> [Work required]: Exactly reproduce all the records, keeping pictures out of the copy.

*** Supplied information ***

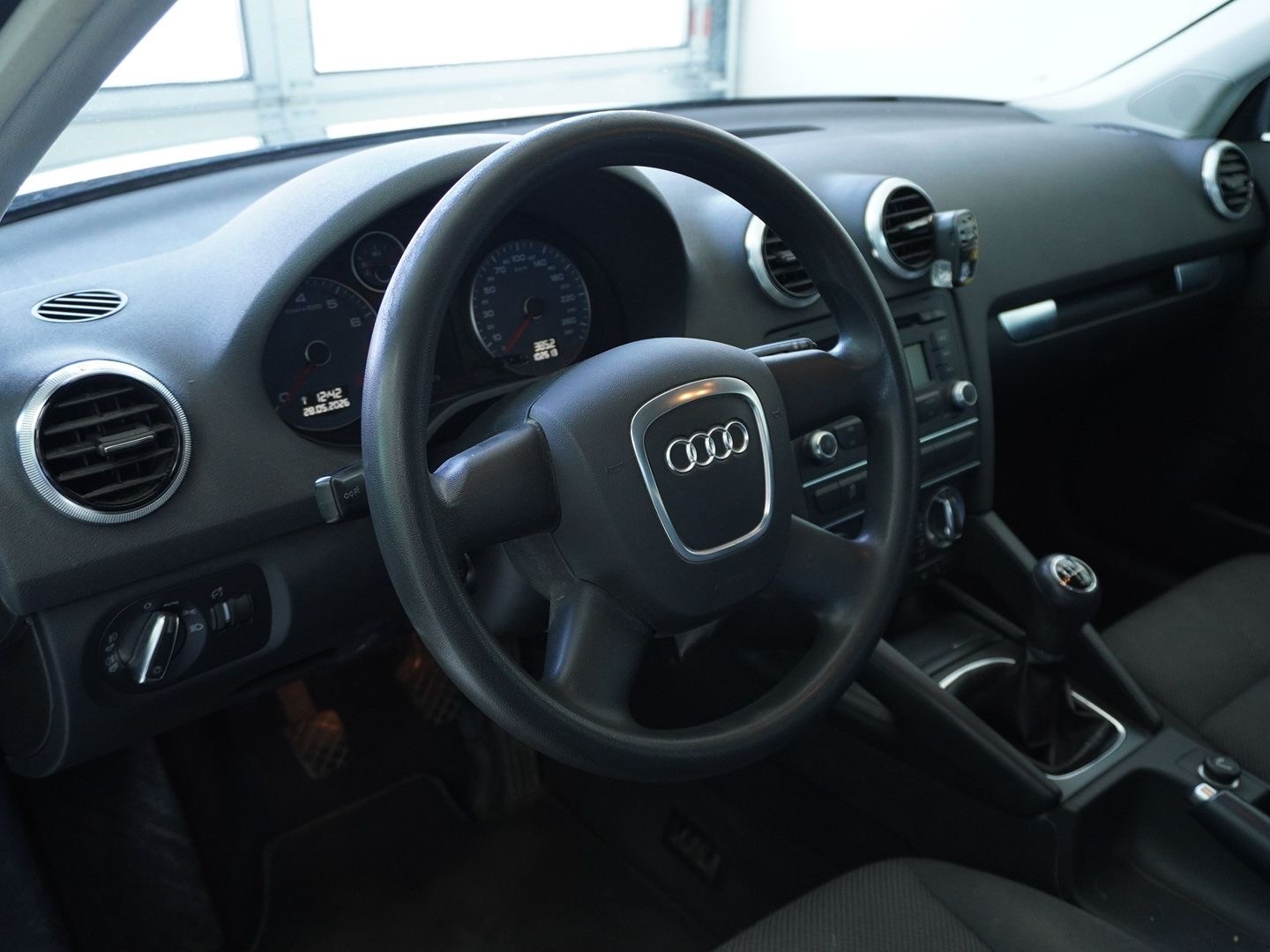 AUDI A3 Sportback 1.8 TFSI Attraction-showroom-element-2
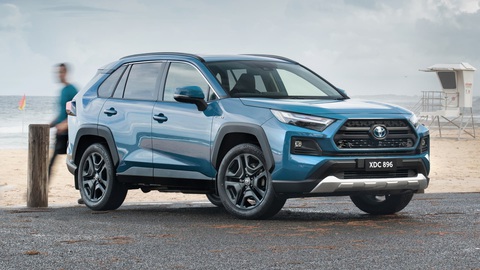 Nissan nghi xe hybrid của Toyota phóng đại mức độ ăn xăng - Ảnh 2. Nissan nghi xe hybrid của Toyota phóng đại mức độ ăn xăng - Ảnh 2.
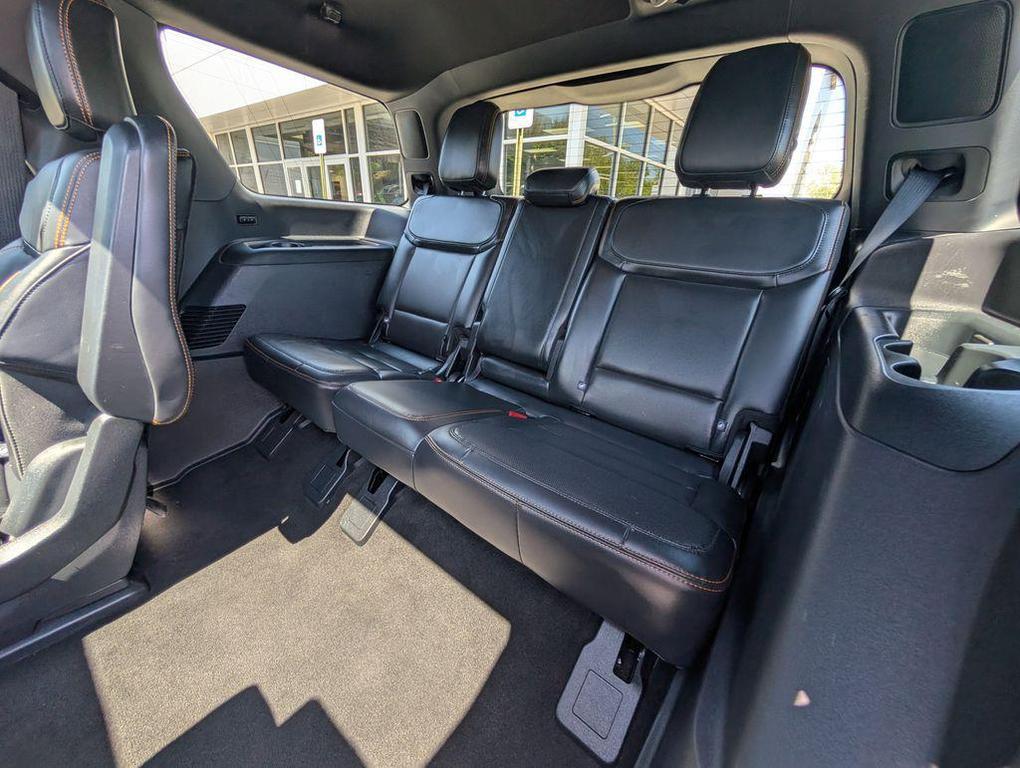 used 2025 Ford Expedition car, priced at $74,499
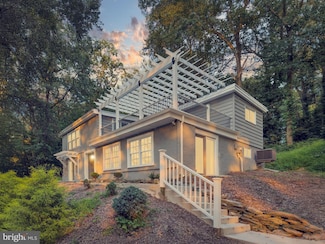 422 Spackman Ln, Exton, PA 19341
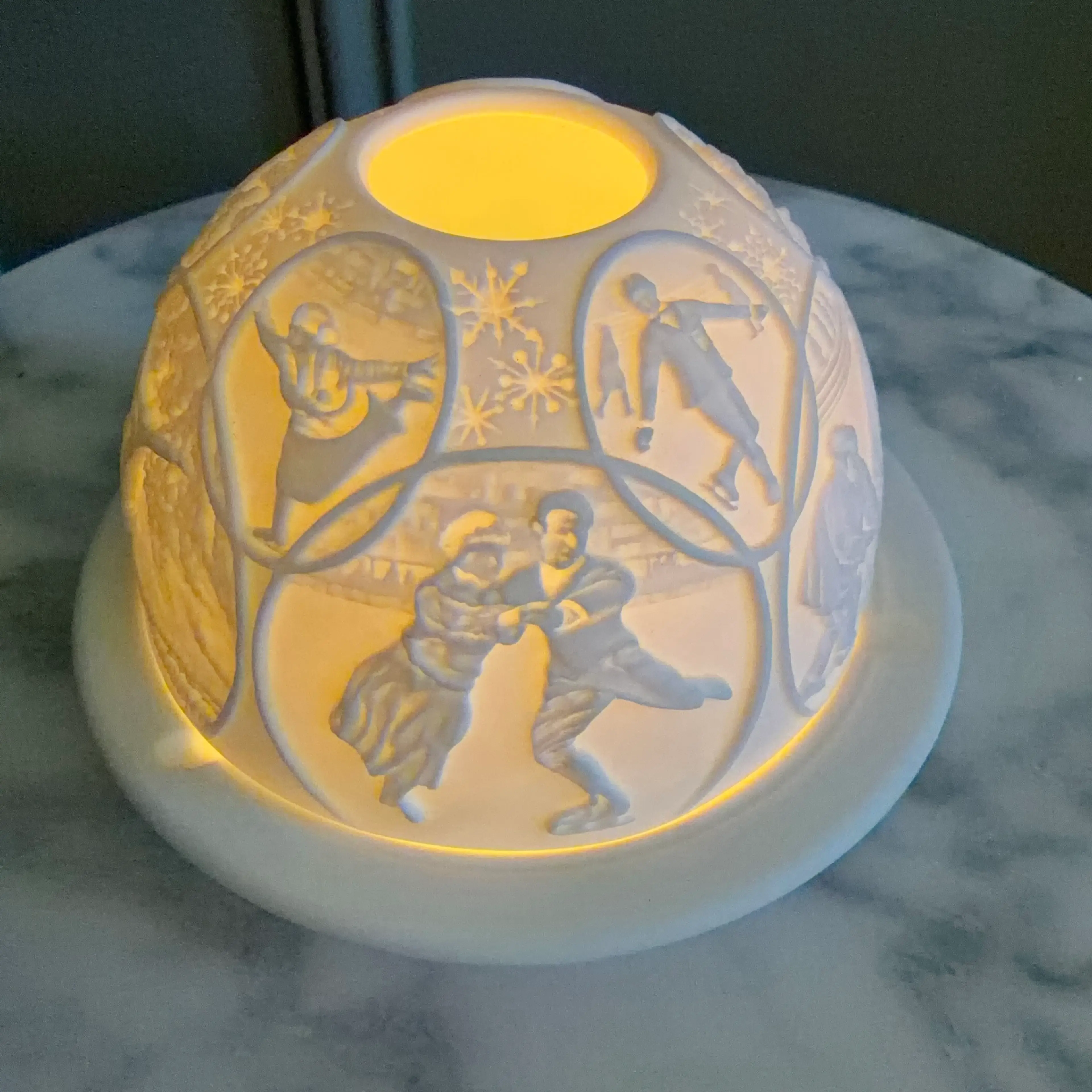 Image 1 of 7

***

> [Finished task]:
 AUDI A3 Sportback 1.8 TFSI Attraction-showroom-element-2
 Nissan nghi xe hybrid của Toyota phóng đại mức độ ăn xăng - Ảnh 2. Nissan nghi xe hybrid của Toyota phóng đại mức độ ăn xăng - Ảnh 2.
 used 2025 Ford Expedition car, priced at $74,499
 422 Spackman Ln, Exton, PA 19341
 Image 1 of 7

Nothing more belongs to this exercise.